Outros parlamentares citados nas investigações – Marcos Pollon e Bia Kicis – também foram alvos de críticas, já que suas emendas teriam beneficiado a Academia Nacional de Cultura, outra entidade presidida por Karina Gama. Embora os valores sejam menores (R$ 1 milhão e R$ 150 mil, respectivamente), a suspeita de uso indevido persiste.

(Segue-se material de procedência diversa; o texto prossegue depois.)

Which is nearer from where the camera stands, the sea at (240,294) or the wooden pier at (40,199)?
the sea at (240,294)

A operação da PF ainda está em curso, e novos mandados podem ser expedidos à medida que a investigação avance. A CGU deve analisar os contratos e as notas fiscais apresentadas, enquanto o Ministério Público pode decidir se há elementos suficientes para apresentar denúncia formal contra os envolvidos.
Enquanto isso, o filme “Dark Horse” continua em fase de pós‑produção, com estreia prevista para o próximo ano. A controvérsia sobre seu financiamento pode impactar tanto a recepção do público quanto a distribuição internacional, especialmente se as autoridades decidirem bloquear recursos financeiros ligados ao projeto.
O caso ilustra a complexidade das relações entre política, cultura e financiamento privado no Brasil, levantando questões sobre a transparência nas emendas parlamentares e a necessidade de mecanismos de controle mais rígidos. A sociedade civil e órgãos de imprensa acompanham de perto os desdobramentos, aguardando um desfecho que possa servir de precedente para futuras investigações de supostos desvios de verbas públicas.